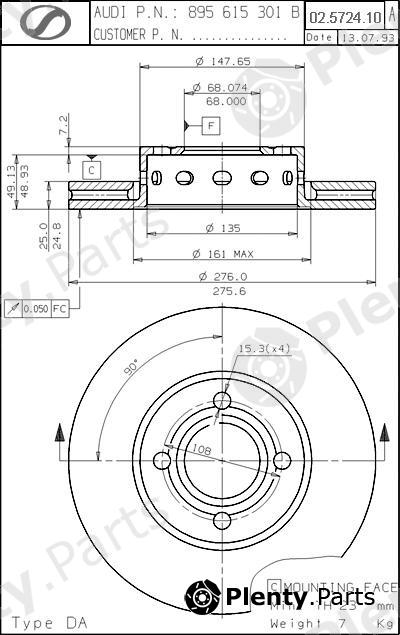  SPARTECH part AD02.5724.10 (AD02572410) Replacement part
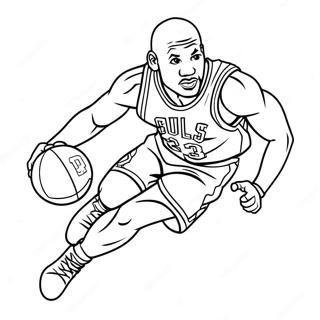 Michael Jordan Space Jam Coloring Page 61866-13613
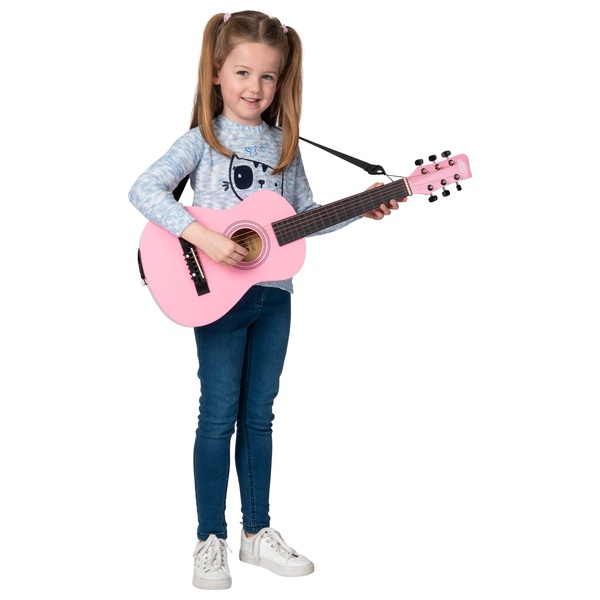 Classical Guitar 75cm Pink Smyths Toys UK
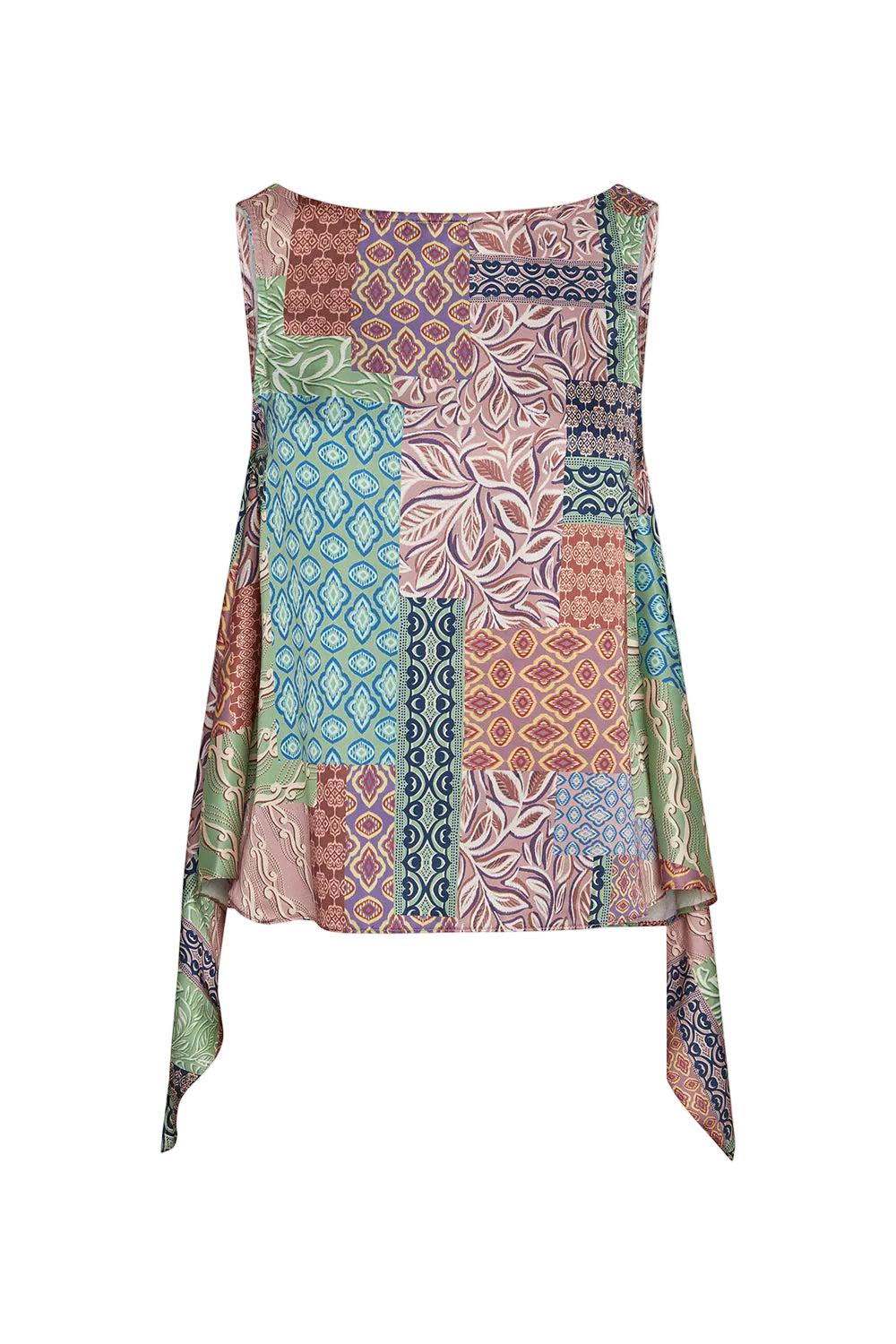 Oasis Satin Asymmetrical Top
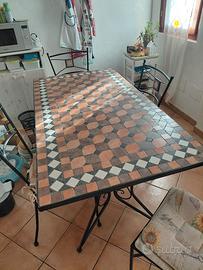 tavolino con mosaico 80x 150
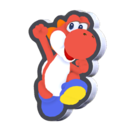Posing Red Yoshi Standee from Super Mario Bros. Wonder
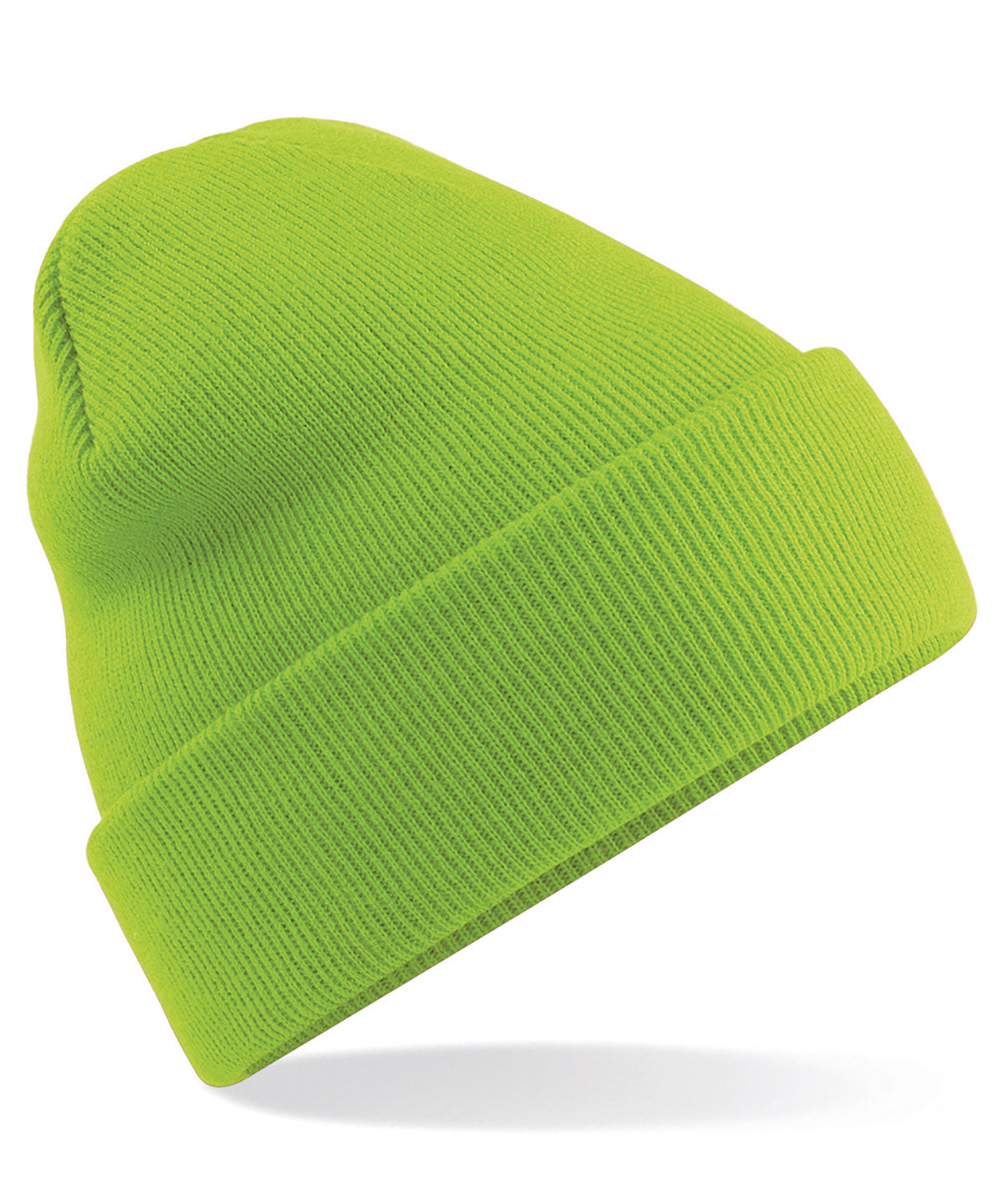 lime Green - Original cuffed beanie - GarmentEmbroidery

---

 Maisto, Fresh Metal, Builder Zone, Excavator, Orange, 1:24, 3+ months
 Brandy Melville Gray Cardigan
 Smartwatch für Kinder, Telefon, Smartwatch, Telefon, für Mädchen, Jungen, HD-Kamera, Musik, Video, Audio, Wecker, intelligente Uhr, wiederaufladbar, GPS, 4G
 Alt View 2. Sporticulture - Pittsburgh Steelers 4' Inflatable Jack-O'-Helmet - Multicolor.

...

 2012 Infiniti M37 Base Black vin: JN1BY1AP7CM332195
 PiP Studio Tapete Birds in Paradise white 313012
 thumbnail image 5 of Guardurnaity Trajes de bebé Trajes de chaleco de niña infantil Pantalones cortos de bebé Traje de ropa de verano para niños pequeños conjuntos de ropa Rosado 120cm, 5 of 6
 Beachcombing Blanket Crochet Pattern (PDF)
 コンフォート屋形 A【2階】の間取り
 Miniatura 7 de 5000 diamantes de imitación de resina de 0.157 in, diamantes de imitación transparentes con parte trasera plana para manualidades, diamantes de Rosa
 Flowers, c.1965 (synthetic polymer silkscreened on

[TASK TO COMPLETE]
With the pictures omitted, restate word for word the lines above from the line that has "SPARTECH part AD02.5724.10" up to and including the line that has "lime Green - Original", and no other lines.

[YOUR RESPONSE]
  SPARTECH part AD02.5724.10 (AD02572410) Replacement part
 Michael Jordan Space Jam Coloring Page 61866-13613
 Classical Guitar 75cm Pink Smyths Toys UK
 Oasis Satin Asymmetrical Top
 tavolino con mosaico 80x 150
Posing Red Yoshi Standee from Super Mario Bros. Wonder
 lime Green - Original cuffed beanie - GarmentEmbroidery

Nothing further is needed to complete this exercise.